The latter doesn't do any dynamic memory allocations and is more than 70% faster than libstdc++ implementation of std::to_string on Boost Karma benchmarks. See Converting a hundred million integers to strings per second for more details.

Disclaimer: I'm the author of the {fmt} library.

Answer 2

In C++11 we can use the "to_string()" function to convert an int into a string:

#include <iostream>
#include <string>

int main() {
    int x = 1612;
    std::string s = std::to_string(x);
    std::cout << s << std::endl;

    return 0;
}

Answer 3

C++ has evolved over time, and with it the methods to convert an int to a string. I will provide a summary in this answer. Note that some methods don't give you a std::string directly, but a char*. You can easily convert char* to the former, and in some cases it's beneficial to avoid std::string.

Comparison

The following table compares all options (only C++ standard options, no third-party libraries) from most recent to least recent.

Method	Result	Pros & Cons
std::format c++20	std::string	✔️ universal method (for formattable types) ✔️ supports common bases, and locale ❌ slow to compile ❌ slow (forward to std::vformat)
std::to_chars c++17	written to char[]	✔️ fast and zero overhead (no dynamic allocations) ✔️supports ANY base as run-time argument ❌ only works for fundamental types ❌ interface is not ergonomic
std::to_string c++11	std::string	✔️ concise and self-explanatory ✔️ zero overhead (if you need a std::string) ❌ only works for fundamental types ❌ base 10 only
std::ostringstream c++98	std::string	✔️ universal method (for types with << operator) ✔️ considers locale (e.g. can change base) ❌ slow, and high overhead of streams
std::sprintf c++98	written to char[]	✔️ smallest assembly output ✔️ supports some bases ✔️ compatible with C, unlike all other methods ❌ only works for fundamental types ❌ interface is not ergonomic ❌ no type safety

Recommended Practice

Use std::to_string if you just need to turn an int into a decimal string. It's simple, elegant, and correct.

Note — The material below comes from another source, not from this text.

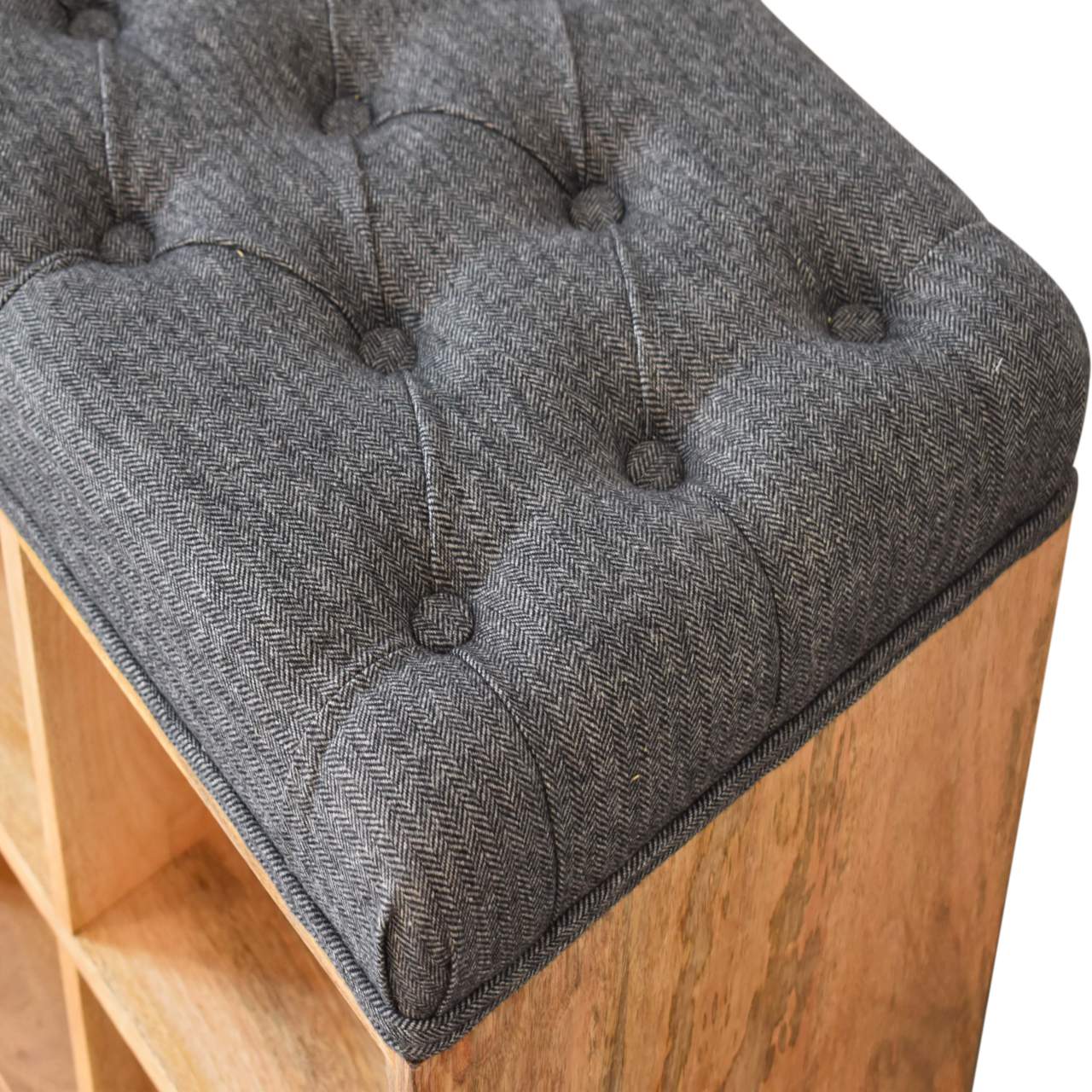Mini Black Tweed Shoe Storage Bench With Seat In Oak Finish 55cm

If you can't use std::to_string, choose another option based on the features you need. Prefer more modern solutions like std::to_chars over older solutions like std::sprintf.

Examples

std::format

std::string d = std::format("{}", 100);   // d = "100"
std::string h = std::format("{:#x}", 15); // h = "0xf"

std::to_chars

std::array<char, 5> a;
auto [ptr, ec] = std::to_chars(a.data(), a.data() + a.size(), 1234);
// a = {'1', '2', '3', '4', indeterminate} (no null terminator!)
// ptr points to 4, and ec == std::errc{}
// notice that there is no null terminator
std::string_view view(a.data(), ptr); // string_view doesn't require null terminators
std::string s(a.data(), ptr); // wrapping in a std:string kinda defeats the point

std::to_string

std::string d = std::to_string(100); // d = "100"

std::ostringstream

std::string d = (std::ostringstream() << 100).str();            // d = "100"
std::string h = (std::ostringstream() << std::hex << 15).str(); // h = "0xf"

Note: these one-liners rely on LWG 1203 (C++20), but recent compilers allow it in C++11 mode too. Update your compiler, or create a separate std::ostringstream stream variable if it doesn't work.

sprintf / snprintf

char a[20];
sprintf(a, "%d", 15);                // a = {'1', '5', '\0', ?, ?, ?, ...}
snprintf(a, sizeof(a), "%#x", 15);   // a = {'0', 'x', 'f', '\0', ?, ?, ...}
std::string s = a;

Answer 4

If you're using the Microsoft Foundation Class library, you can use CString:

int a = 10;
CString strA;
strA.Format("%d", a);

Answer 5

Here's another easy way to do it:

char str[100];
sprintf(str, "%d", 101);
string s = str;

sprintf is a well-known one to insert any data into a string of the required format.

You can convert a char * array to a string as shown in the third line.

Answer 6

int i = 255;
std::string s = std::to_string(i);

In C++, to_string() will create a string object of the integer value by representing the value as a sequence of characters.

Answer 7

Using stringstream for number conversion is dangerous!

See std::ostream::operator<< where it tells that operator<< inserts formatted output.

Depending on your current locale an integer greater than three digits, could convert to a string of four digits, adding an extra thousands separator.

E.g., int = 1000 could be converted to a string 1.001. This could make comparison operations not work at all.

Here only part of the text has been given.